(Pictures with short captions)
■ ■ ■ ■ ■

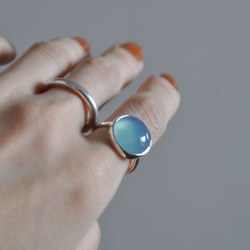 Blue chalcedony　Bezel setting ring　ブルーカルセドニー リング　 15枚目の画像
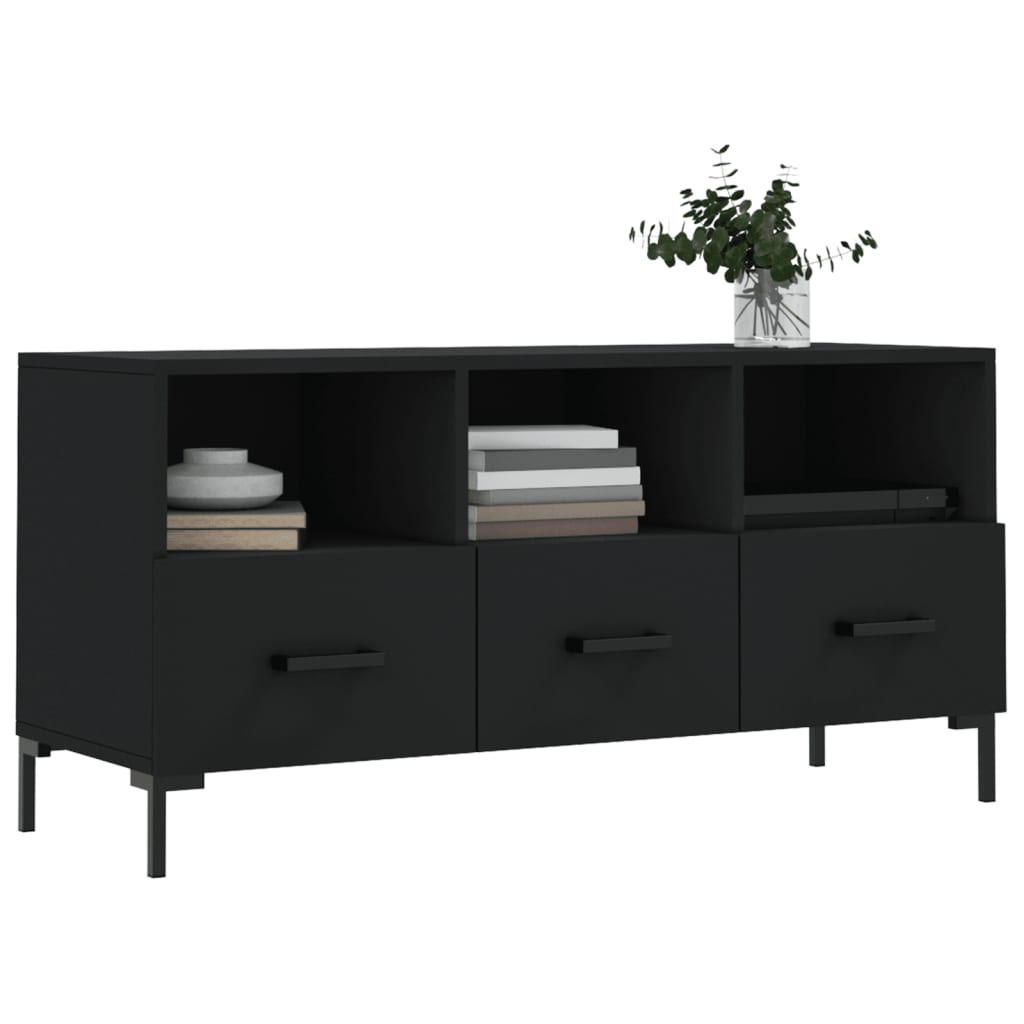 Meuble TV noir 102x36x50 cm en bois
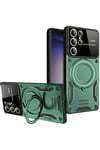 Mey İthalat®  Samsung Galaxy S25 Ultra Kılıf Joy Lens Standlı Kapak - Koyu Yeşil
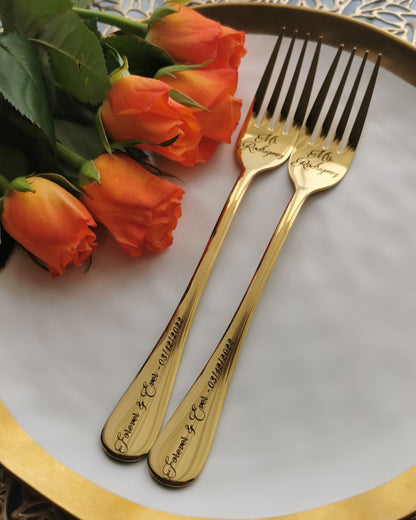Two forks for wedding cake ceremony Engraved cutlery for couple Personalized bride groom wife husband gift Anniversary birthday keepsake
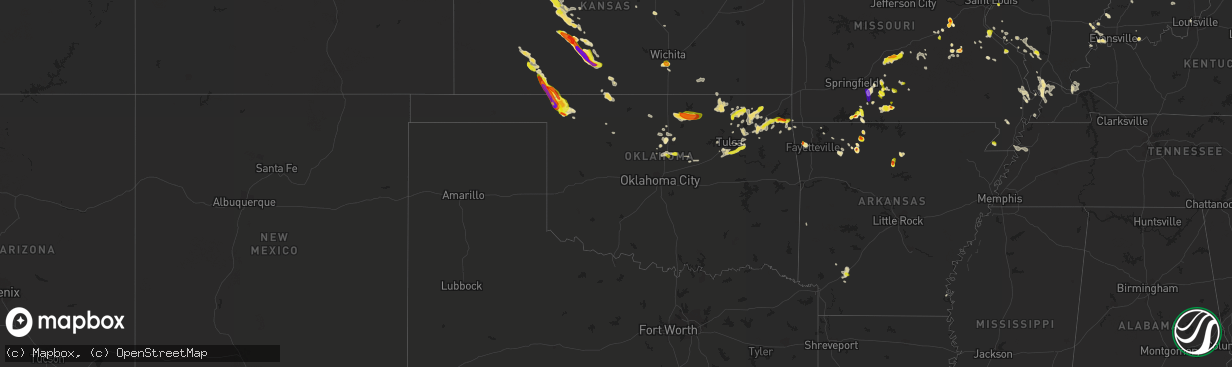 Hail map in Oklahoma on May 14, 2022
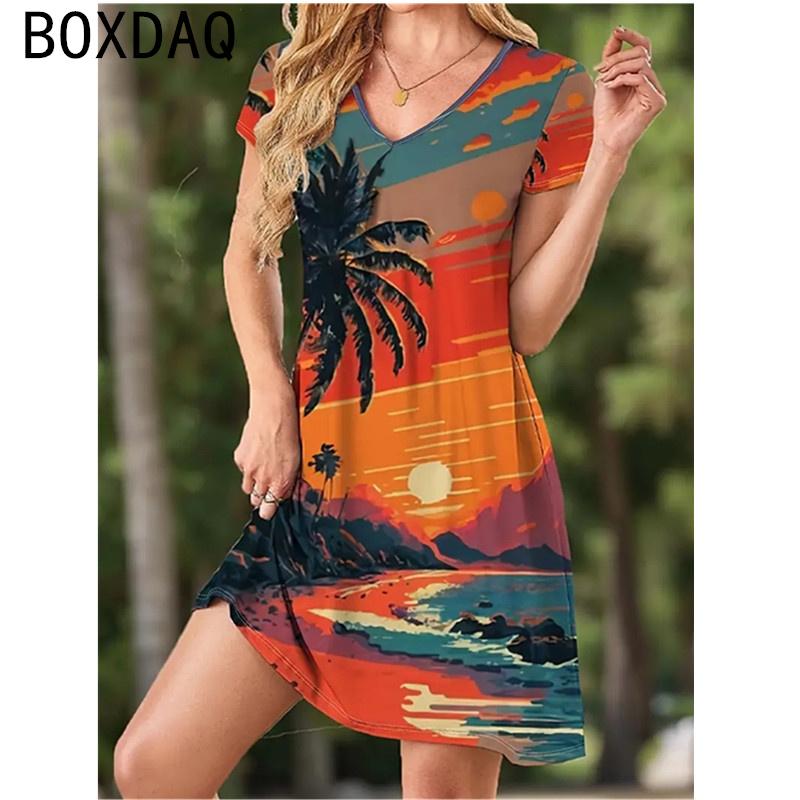 Women V-Neck Short Sleeve Pritned Dress Fashion Lady Street Personalized Dress 3D Vintage Floral Casual Loose A-Line Dress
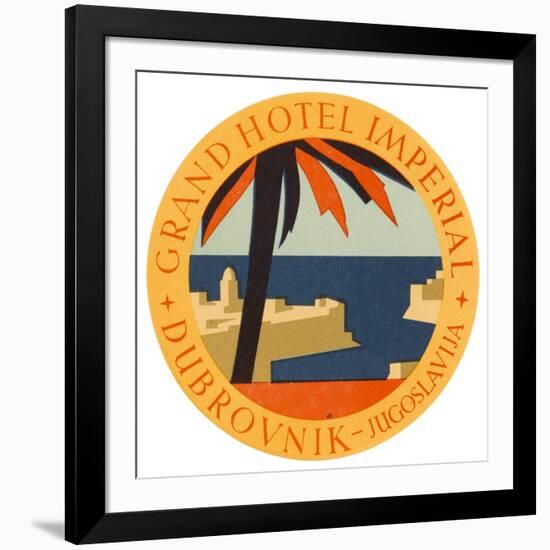 Hotel Label from the Grand Hotel Imperial Dubrovnik Yugoslavia-null-Framed Art Print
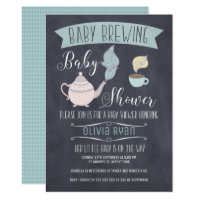 Chalkboard Baby Brewing Baby Shower Invitation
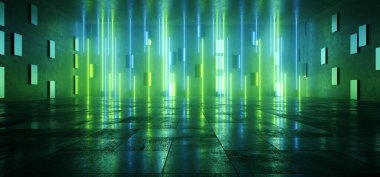 Bilimkurgu Neon Parlak Çizgileri Siber Mavi Lazer Işıklar Cam Panellerin Arkasında Koyu Grunge Beton Beton Yeraltı Tünel Stüdyo Stüdyo Hangarı 3D Resim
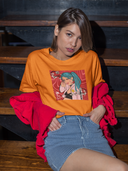 Gangstar Girl Half Sleeve Orange Oversized T-Shirt for Women by Hello Swanky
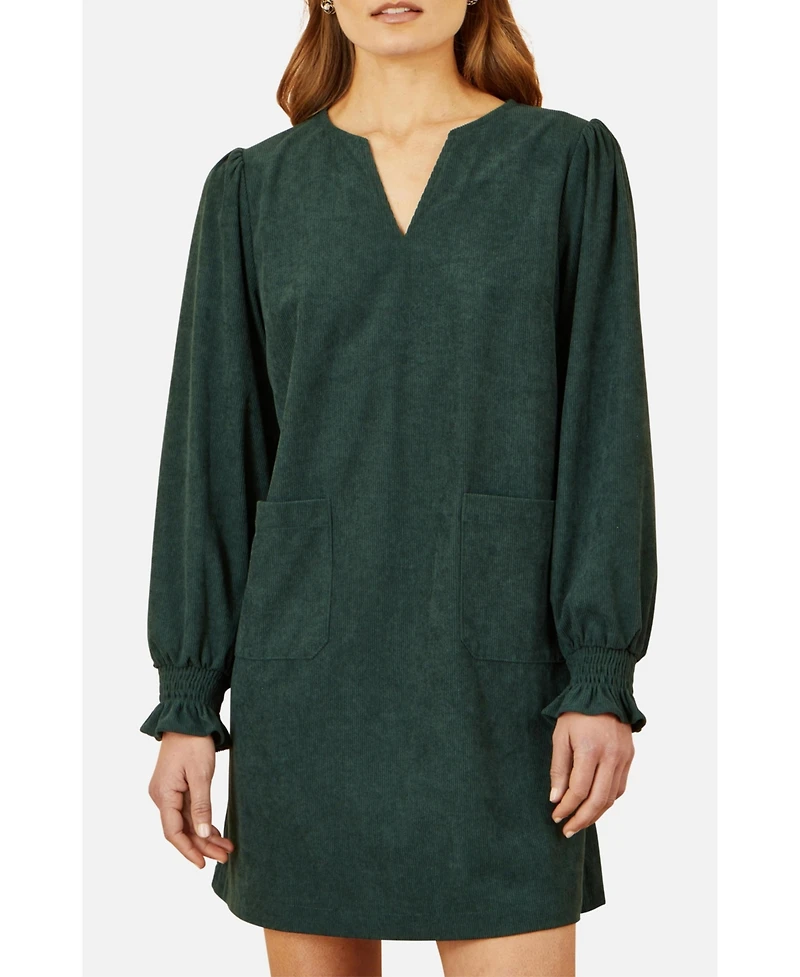 Yumi Women's Long Sleeve V-Neck Mini Dress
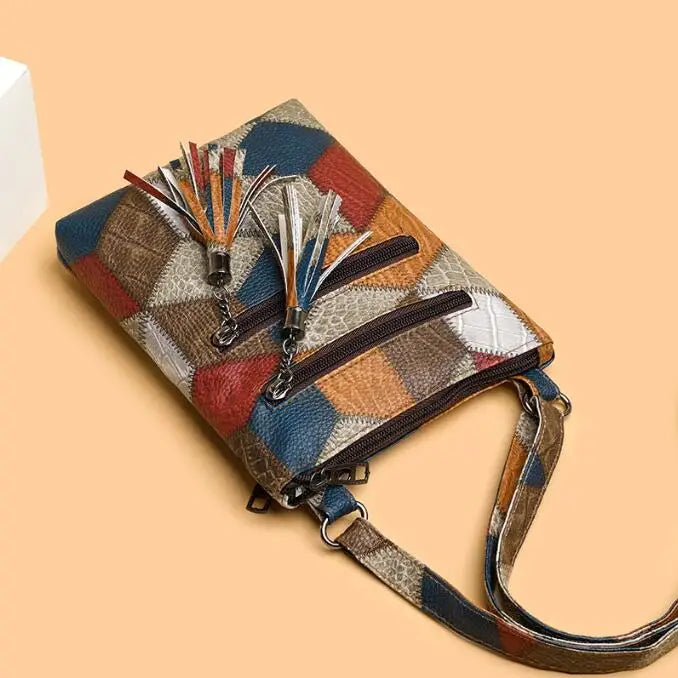 Kaylee | Women’s geometric patchwork vegan leather crossbody bag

■ ■ ■ ■ ■

● What the exercise asks:
The copy must start at the line containing "- Koyu Yeşil" and end at the last line of the data, matching each line exactly. It must hold no pictures.

● Reply:
 Mey İthalat®  Samsung Galaxy S25 Ultra Kılıf Joy Lens Standlı Kapak - Koyu Yeşil
Two forks for wedding cake ceremony Engraved cutlery for couple Personalized bride groom wife husband gift Anniversary birthday keepsake
 Hail map in Oklahoma on May 14, 2022
 Women V-Neck Short Sleeve Pritned Dress Fashion Lady Street Personalized Dress 3D Vintage Floral Casual Loose A-Line Dress
 Hotel Label from the Grand Hotel Imperial Dubrovnik Yugoslavia-null-Framed Art Print
 Chalkboard Baby Brewing Baby Shower Invitation
 Bilimkurgu Neon Parlak Çizgileri Siber Mavi Lazer Işıklar Cam Panellerin Arkasında Koyu Grunge Beton Beton Yeraltı Tünel Stüdyo Stüdyo Hangarı 3D Resim
 Gangstar Girl Half Sleeve Orange Oversized T-Shirt for Women by Hello Swanky
 Yumi Women's Long Sleeve V-Neck Mini Dress
 Kaylee | Women’s geometric patchwork vegan leather crossbody bag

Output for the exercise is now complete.